Jack Heid

Personal information
- Full name: John Sebastian Heid
- Nickname: Yankee Clipper
- Born: June 26, 1924 New York, New York, United States
- Died: May 27, 1987 (aged 62) Bushkill, Pennsylvania, United States

Team information
- Discipline: Track; Road;
- Role: Rider

Amateur team
- Century Road Club

= Jack Heid =

American cyclist

Jack Heid (June 26, 1924 - May 27, 1987) was an American cyclist. He competed in the time trial and the sprint events at the 1948 Summer Olympics.

In 1948, Heid moved to Europe to compete in the Summer Olympics in London. He reached the quarterfinals in the sprint and finished seventh in the 1000-meter time trial. The following year, he finished third in the amateur sprint at the UCI Track World Championships. He was coached by Jackie Simes, with whom he also competed in tandem races.
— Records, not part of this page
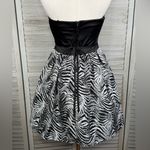 City Triangles Animal Print Retro Strapless Semi Formal/Prom Dress B&W-9 Photo 4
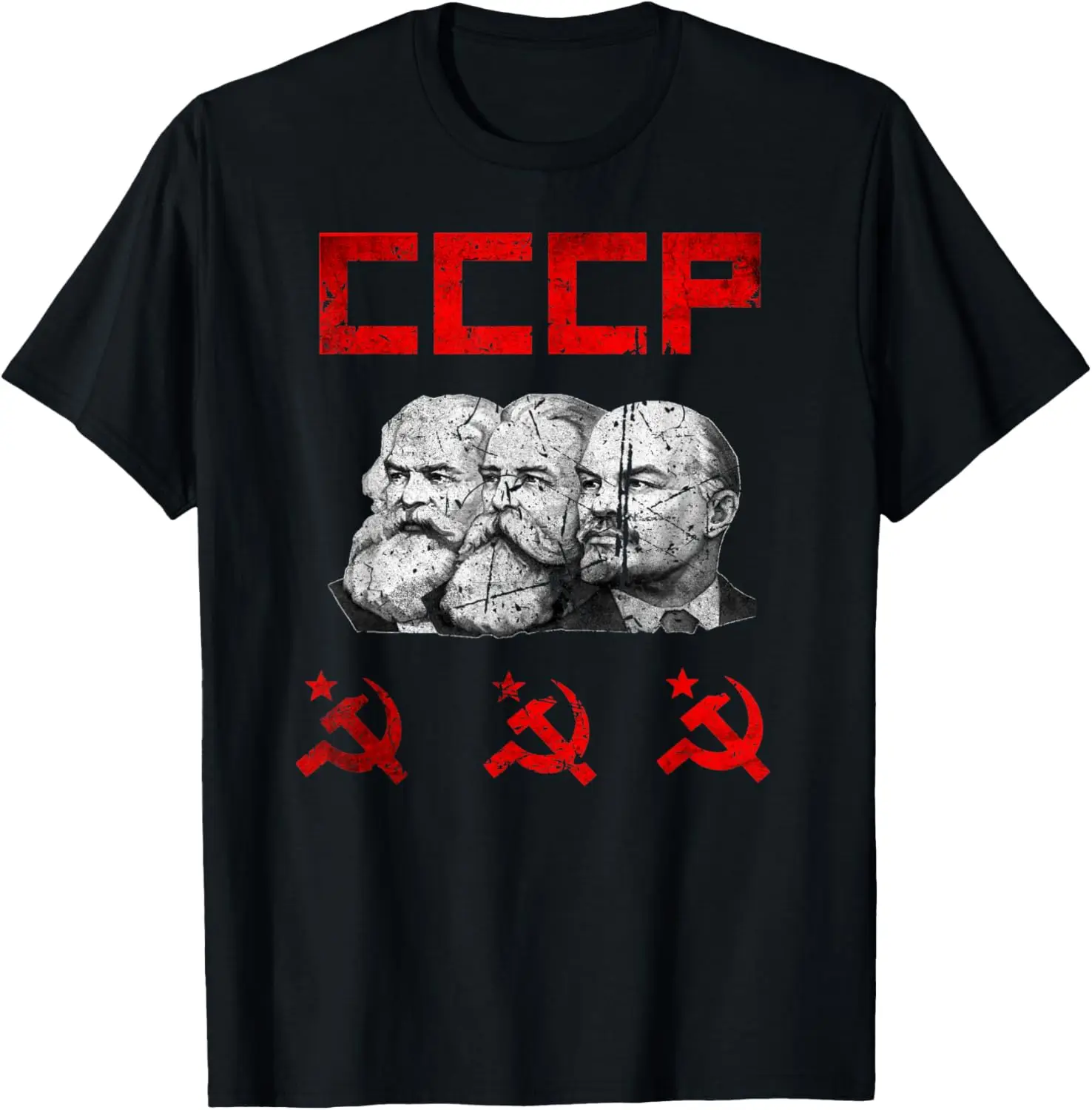 

Soviet Union Marx Engels Lenin CCCP hammer and sickle T-Shirt Short Sleeve Casual Cotton Shirt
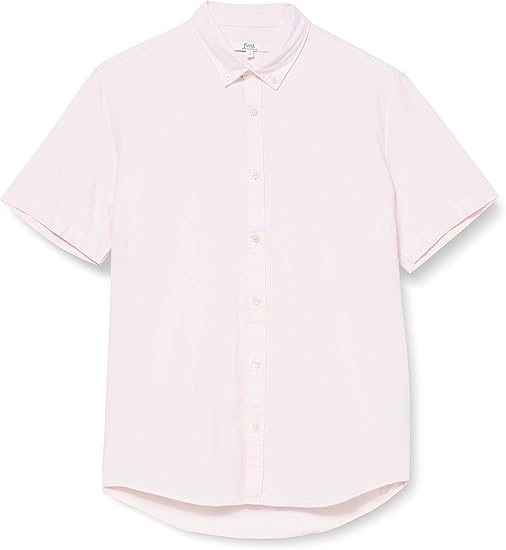 Amazon Co Jp Amazonブランド メンズ半袖オックスフォードシャツ ピンク M 服 ファッション小物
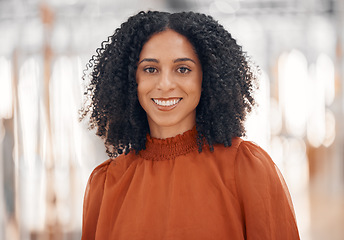 Image showing Business woman, smile and portrait with entrepreneur confidence, work pride and happy. Worker, professional and female employee from Brazil at company with face and ready for creative job with bokeh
Heid was considered a pioneer of American cycling, as he was the first American cyclist to race in Europe after World War II. At first he remained an amateur and made a living selling contraband. In the early 1950s he turned professional and settled in England. At the 1950 UCI Track Cycling World Championships, he finished eighth in the sprint. That year, he married a Belgian woman and originally wanted to take Belgian citizenship. However, in 1951 he returned to the United States and competed in six-day races; in 1957 he finished third in Chicago with Mino De Rossi.

Heid and his wife resided in New Jersey, while owning a chalet in Pennsylvania. In 1987 he died in a fire in the chalet at the age of 62. In 1989, he was posthumously inducted into the United States Bicycling Hall of Fame.

Heid also competed on the road, winning the 1957 Tour of Somerville.